Qualitative indicators of the obtained dry enzymatic hydrolyzate of proteins from camel shanks are presented in table 2.

Table 2 - Physic-chemical parameters of dry protein hydrolyzate from camel shanks

Name of indicator	Characteristic
Appearance	Dry product of homogeneous consistency in the form of loose powder, hygroscopic
Color	Light beige
Smell	Intrinsic to the raw material of which it is made, odorless
Moisture content, %	7,0
Mass fraction of protein,%	80,0
Mass fraction of fat,%	0,15
Mass fraction of ash,%	5,0

Thus, the resulting protein hydrolyzate containing low molecular weight protein fractions and amino acids with nutritious properties will be used in further work to enrich meat products for the elderly.

Сonclusion

Research results of the nature of protein hydrolysis and peptide profiles among hydrolyzates confirmed that the enzymatic hydrolysis of camel shanks by a camel pancreas suspension was useful for producing low molecular weight compounds with a molecular weight of <20 kDa, which is a favorable result for the potential biological activity of peptides.

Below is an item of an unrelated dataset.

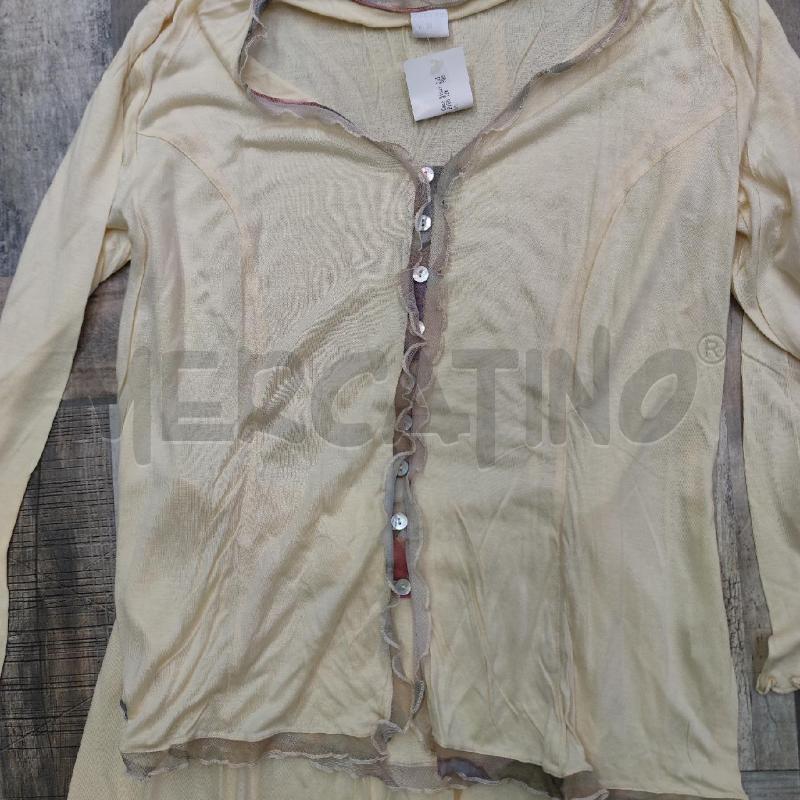 PIGIAMA DONNA FRETTE GIALLINO  | Mercatino dell'Usato Settimo torinese 3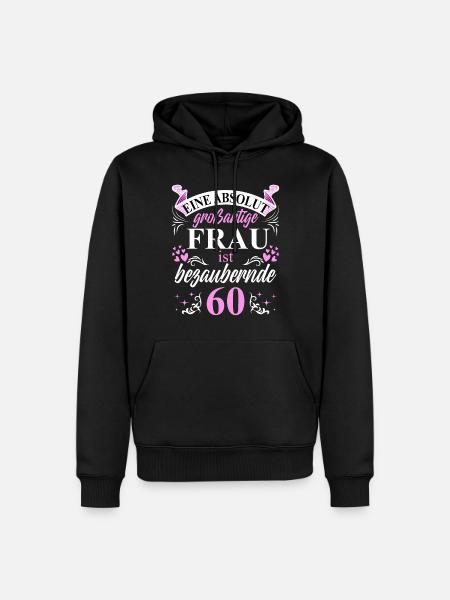 60. Geburtstag 60 Jubiläum 60 Ehrentag 60 Jahre - Männer Premium Bio Hoodie - Schwarz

In general, the hydrolysis process improves the digestibility of the protein, increases the bioavailability of amino acids, and leads to improved nutritional value. Protein hydrolyzates will be used as alternative ingredients of high nutritional quality with potential use for the production of meat products for herodietic purposes.